In addition, MPs pay will be increased by five per cent every year to cushion them against a rise in the cost of living and their allowances for sitting in parliament have been doubled.
And Prime Minister Raila Odinga is to earn Sh1.67 million every month, some Sh350,000 more than Vice-President Kalonzo Musyoka the tribunal says, settling a vexing quarrel over who is President Kibakis second-in-command.
But MPs will pay more tax, after their taxed basic salary was increased from Sh200,000 to Sh350,000. The bulk of their income made up of allowances will however not be taxed and, according to the tribunal, cannot be taxed until the law is changed.
The tribunal, chaired by retired Appellate Judge Akilano Akiwumi, agonised over awarding a pay rise for MPs in the face of public hostility and an economy in recession. Indeed, the the tribunal gives eloquent reasons why a salary increase at this time is not wise.
The increase has been achieved by removing one of the MPs three car allowances, adding part of it to the basic pay and spreading the rest to other allowances.
All other allowances have been increased, some such as sitting allowance, more than twice.
The tribunal appears to have been of a divided mind, on the one hand it dwells at length on the reasons for not giving a salary increase, but at the same time felt MPs do an important job and should be paid well.
Its report, as a result, is complicated and it will take many days for its full import to be understood.
But when everything is boiled down, MPs have been given a pay rise even though it will not appear in their payslips.

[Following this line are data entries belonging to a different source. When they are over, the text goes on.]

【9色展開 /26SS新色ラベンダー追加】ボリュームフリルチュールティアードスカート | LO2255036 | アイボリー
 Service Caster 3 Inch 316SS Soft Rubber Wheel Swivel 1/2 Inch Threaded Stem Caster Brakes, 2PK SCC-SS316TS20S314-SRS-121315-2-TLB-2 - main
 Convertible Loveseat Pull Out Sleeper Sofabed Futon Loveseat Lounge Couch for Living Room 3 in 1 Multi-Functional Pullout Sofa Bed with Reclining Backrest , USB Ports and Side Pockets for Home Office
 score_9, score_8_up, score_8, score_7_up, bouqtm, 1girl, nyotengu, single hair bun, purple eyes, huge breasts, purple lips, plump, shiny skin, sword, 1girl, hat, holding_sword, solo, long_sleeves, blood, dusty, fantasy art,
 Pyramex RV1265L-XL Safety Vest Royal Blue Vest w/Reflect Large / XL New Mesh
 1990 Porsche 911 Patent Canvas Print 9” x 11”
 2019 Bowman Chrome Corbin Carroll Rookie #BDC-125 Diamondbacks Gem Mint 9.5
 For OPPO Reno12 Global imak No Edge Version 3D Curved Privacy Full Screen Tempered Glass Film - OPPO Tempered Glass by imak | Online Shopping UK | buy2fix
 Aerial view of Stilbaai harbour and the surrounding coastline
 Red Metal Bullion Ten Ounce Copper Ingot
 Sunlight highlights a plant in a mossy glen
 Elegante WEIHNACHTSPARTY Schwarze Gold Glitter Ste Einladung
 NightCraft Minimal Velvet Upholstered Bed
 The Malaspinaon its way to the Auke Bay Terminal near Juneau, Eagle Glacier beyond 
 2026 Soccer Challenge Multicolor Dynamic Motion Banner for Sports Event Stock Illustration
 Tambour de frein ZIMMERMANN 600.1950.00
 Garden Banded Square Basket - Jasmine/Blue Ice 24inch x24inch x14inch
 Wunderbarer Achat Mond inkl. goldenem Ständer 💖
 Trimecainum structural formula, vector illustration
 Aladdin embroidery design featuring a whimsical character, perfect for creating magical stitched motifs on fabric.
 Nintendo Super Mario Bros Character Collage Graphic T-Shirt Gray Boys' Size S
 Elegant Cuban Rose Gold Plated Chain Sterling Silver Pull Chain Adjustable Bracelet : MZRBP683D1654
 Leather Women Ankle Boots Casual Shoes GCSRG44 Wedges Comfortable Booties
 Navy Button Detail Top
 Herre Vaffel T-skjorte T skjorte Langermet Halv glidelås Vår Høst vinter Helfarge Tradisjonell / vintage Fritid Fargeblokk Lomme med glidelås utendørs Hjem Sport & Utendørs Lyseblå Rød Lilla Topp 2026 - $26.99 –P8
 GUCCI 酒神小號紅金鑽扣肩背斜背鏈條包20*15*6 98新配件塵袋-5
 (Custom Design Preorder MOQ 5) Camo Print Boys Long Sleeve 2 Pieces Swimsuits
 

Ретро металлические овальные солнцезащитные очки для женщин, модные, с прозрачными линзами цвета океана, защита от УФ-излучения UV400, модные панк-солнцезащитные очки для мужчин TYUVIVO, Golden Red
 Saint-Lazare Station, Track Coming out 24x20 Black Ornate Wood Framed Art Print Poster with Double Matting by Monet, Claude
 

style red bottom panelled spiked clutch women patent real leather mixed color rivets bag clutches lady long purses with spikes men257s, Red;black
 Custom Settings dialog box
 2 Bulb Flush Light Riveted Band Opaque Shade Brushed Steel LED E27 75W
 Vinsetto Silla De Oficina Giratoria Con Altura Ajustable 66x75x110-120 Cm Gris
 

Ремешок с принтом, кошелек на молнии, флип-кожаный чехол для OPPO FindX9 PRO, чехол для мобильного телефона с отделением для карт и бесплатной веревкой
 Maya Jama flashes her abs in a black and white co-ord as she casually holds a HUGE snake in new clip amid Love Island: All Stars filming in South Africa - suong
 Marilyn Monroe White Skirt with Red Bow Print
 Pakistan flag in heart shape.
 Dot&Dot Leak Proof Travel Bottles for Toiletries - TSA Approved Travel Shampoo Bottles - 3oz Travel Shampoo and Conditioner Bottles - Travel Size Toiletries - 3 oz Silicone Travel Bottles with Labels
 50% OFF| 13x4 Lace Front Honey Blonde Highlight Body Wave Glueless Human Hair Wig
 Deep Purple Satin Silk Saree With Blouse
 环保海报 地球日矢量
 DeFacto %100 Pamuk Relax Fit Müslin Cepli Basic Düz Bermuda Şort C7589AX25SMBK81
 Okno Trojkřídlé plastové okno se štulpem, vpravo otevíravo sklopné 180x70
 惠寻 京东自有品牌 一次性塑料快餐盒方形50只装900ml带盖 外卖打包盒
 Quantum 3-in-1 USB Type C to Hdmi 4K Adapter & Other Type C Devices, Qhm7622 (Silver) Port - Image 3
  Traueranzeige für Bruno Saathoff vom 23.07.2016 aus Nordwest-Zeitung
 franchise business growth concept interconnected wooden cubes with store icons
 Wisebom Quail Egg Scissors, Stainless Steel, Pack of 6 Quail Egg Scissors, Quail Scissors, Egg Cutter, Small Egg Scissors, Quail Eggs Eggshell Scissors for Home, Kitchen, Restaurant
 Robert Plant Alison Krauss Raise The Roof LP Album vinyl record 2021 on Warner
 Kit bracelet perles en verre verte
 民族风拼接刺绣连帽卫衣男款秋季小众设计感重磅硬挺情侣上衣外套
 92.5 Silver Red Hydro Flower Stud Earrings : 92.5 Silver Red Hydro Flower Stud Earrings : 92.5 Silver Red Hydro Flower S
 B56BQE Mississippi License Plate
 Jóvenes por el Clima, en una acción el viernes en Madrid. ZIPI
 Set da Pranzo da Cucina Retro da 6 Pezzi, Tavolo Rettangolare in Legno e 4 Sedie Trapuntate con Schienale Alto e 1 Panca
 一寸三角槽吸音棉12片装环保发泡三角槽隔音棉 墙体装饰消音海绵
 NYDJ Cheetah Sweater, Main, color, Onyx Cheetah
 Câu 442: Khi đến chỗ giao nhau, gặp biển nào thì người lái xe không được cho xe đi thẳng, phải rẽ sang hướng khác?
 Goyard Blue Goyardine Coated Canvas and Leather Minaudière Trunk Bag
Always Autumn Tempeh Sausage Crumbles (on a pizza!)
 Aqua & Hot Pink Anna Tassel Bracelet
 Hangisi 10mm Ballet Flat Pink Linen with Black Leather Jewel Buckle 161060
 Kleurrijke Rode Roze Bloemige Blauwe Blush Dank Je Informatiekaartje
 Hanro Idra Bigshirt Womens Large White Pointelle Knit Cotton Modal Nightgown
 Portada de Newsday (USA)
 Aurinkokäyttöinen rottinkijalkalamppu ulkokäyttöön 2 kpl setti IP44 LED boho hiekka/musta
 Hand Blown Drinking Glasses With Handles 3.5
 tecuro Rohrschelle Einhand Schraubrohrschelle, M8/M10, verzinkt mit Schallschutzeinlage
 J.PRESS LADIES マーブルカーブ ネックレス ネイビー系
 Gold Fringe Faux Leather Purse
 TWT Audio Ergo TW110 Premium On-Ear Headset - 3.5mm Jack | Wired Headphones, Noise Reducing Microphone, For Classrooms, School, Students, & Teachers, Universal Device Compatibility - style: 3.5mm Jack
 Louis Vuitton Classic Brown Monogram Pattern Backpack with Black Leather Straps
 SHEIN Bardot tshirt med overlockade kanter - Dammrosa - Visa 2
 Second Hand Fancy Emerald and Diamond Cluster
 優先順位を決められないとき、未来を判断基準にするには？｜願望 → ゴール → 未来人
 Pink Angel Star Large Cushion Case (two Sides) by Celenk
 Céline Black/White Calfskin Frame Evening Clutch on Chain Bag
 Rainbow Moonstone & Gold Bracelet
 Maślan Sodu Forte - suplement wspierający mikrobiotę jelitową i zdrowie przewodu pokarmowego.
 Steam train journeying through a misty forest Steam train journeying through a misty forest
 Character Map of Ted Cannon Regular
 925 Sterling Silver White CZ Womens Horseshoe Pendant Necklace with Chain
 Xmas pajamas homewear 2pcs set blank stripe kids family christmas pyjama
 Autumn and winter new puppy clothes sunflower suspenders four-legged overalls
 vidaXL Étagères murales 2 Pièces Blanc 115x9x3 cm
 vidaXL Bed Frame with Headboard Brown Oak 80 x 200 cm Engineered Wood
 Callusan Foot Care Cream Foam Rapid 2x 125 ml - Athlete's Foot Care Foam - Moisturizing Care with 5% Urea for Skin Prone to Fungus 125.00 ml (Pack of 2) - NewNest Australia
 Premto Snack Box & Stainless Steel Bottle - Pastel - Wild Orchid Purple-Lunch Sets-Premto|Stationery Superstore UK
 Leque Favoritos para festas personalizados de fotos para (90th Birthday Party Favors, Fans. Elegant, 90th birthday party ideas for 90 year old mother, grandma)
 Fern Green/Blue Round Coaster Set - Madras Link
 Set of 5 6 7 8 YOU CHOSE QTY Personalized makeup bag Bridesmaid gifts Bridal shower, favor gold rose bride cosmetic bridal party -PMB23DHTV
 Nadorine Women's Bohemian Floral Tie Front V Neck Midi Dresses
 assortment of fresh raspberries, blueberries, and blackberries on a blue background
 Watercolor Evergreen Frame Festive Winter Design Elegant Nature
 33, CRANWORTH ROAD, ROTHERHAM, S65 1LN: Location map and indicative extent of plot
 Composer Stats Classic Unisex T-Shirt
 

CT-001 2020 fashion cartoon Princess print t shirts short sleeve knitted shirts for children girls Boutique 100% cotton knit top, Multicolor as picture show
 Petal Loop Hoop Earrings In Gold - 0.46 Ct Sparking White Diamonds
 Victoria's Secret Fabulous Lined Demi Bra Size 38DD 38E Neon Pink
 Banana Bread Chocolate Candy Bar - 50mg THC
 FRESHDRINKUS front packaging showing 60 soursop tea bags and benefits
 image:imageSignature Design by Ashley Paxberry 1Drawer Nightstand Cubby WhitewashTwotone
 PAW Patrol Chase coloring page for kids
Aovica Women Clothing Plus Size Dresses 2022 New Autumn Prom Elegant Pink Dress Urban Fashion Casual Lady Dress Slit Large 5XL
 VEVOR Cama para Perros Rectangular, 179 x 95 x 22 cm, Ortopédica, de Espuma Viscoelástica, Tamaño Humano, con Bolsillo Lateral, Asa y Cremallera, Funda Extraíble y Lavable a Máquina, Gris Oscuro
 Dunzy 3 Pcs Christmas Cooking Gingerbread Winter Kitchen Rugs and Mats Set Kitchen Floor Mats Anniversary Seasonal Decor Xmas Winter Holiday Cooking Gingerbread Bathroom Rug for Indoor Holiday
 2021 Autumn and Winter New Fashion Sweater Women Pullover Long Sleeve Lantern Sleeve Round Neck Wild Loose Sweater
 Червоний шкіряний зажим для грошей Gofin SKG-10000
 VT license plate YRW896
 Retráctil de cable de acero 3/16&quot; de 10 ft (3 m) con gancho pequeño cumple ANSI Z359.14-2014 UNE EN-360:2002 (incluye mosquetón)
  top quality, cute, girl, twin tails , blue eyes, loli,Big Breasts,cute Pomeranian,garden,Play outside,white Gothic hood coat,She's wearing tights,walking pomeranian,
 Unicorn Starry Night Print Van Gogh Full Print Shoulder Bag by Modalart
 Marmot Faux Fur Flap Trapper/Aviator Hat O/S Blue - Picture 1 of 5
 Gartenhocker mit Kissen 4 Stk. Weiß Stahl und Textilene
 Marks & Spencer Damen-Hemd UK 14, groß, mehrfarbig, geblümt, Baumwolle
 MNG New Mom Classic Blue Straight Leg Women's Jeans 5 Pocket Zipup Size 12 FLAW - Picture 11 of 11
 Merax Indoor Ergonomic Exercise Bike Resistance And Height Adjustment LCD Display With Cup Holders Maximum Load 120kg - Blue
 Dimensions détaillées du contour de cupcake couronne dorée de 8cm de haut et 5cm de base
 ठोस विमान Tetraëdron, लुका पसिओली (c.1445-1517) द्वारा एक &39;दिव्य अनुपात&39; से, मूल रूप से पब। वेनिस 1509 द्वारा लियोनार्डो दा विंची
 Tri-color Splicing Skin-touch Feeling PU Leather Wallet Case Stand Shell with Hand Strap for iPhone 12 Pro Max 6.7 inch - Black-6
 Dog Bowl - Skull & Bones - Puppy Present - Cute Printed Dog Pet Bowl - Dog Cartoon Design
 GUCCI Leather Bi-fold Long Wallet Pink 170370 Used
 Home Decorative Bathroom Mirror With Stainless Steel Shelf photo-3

This will come from the allowance members are paid to attend Parliament and its committees.
According to the tribunals estimates, a hardworking MP who attends all sessions and some committee meetings will make Sh375,000, over and above his salary of Sh896,000, theoretically bringing the total pay for such an MP to Sh1,271,000 a month.
The tribunal concludes that the increase of the car allowance in 2005 from Sh336,000 to Sh366,000 a month was illegal because the law was not followed in awarding it
At the time, MPs threatened the Clerk of the National Assembly that unless he obtained permission from Treasury for the increase, they would not vote for the Supplementary Budget then before the House. Treasury officials tricked MPs into believing that the increment had been approved while in actual fact it had not.
The tribunal concludes that there are too many allowances paid for the maintenance of just one car but does not take any of them away. Instead, it makes proposals which will allow MPs a little more tax and still be left a little better off.
The tribunals report was handed over to Speaker Kenneth Marende on November 15 last year but has not yet been made public.